- Instructions for the task: The following data has a line with "Holiday home The Old Cart House Salton" and a line with "1646 GRANDVIEW ROAD, Gibsons, British". Write out exactly those lines and all the lines between them.
═══ Source information
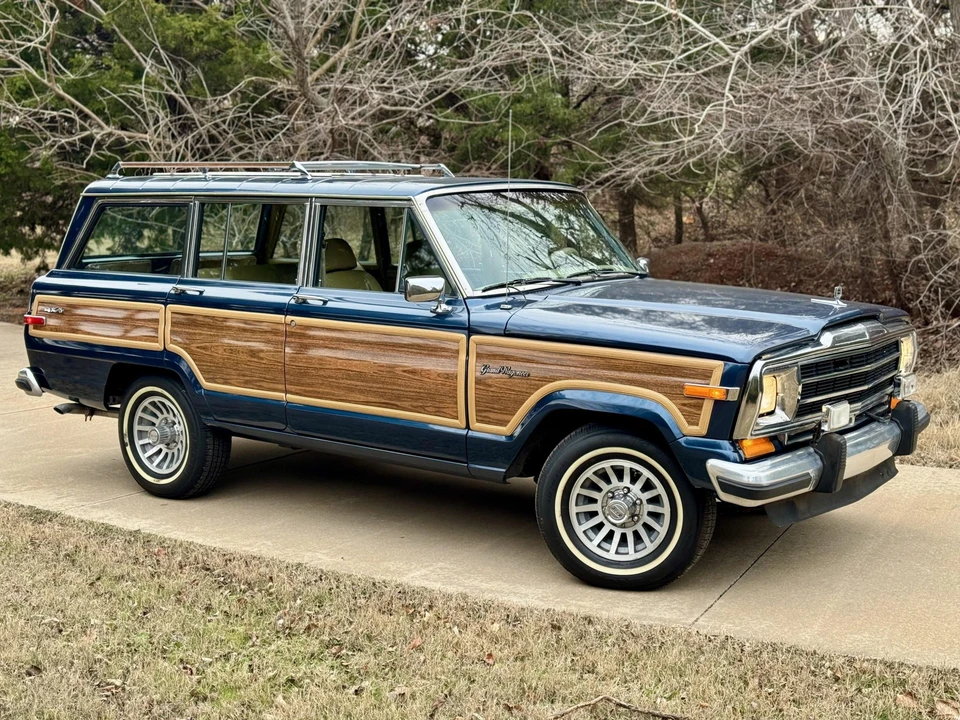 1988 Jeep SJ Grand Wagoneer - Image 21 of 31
══════
═══ Source information
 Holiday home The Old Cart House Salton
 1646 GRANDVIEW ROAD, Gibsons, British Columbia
══════
- Problem solution:
 Holiday home The Old Cart House Salton
 1646 GRANDVIEW ROAD, Gibsons, British Columbia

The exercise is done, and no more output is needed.